This can be done with the rainette2()
function, which
can be applied to two already computed simple clusterings. Here, we
compute them with min_segment_size
at 10 and 15.
res1 <- rainette(dtm, k = 5, min_segment_size = 10)
res2 <- rainette(dtm, k = 5, min_segment_size = 15)
We then use rainette2()
to combine them. The
max_k
argument is used to specify the maximum number of
clusters.
res <- rainette2(res1, res2, max_k = 5)
One important argument of rainette2()
is the
full
argument :
- If
full = TRUE
(the default), the best crossed clusters partition selection is made by keeping all non empty crossed clusters.

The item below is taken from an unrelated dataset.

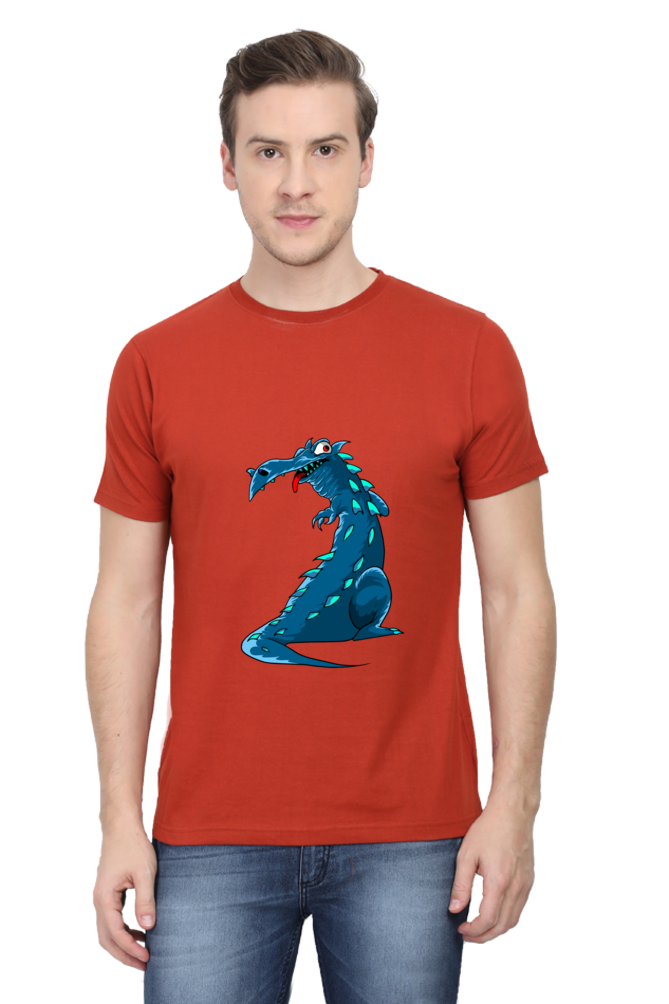Men's Animal's & Monster's Cotton Round Neck T-Shirt - dinosaur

This allows an exhaustive search and to identify the partition either with the highest sum of association χ², or the one with the highest total size. However, computation times can rise rapidly with the number of clusters. - If
full = FALSE
, only the crossed clusters whose clusters are the most mutually associated are kept. Computations are much faster, but the highest k level with available partitions may be lower, and only the partitions with the highest association χ² values can be identified.
To be noted : with full = TRUE
, if runtime is too high
you can add the parallel = TRUE
argument to paralellise
some computations (won’t work on Windows, though, and may use much more
RAM).
In both cases, the resulting object is a tibble with, for
each level k, the optimal partitions and their characteristics.
Another interactive interface is available to explore the results. It is
launched with rainette2_explor()
.
rainette2_explor(res, dtm, corpus)
The interface is very similar to the previous one, except there is no
dendrogram anymore, but a single barplot of cluster sizes instead. Be
careful of the number of NA
(not assigned segments), as it
can be quite high.
If some points are not assigned to any cluster, you can use
rainette2_complete_groups()
to assign them to the nearest
one by using a k-nearest-neighbors algorithm (with k=1).
However this may not be recommended as you would then loose the
“robustness” of the new clusters computed by
rainette2()
.
clusters <- cutree(res, k = 5)
clusters_completed <- rainette2_complete_groups(dtm, clusters)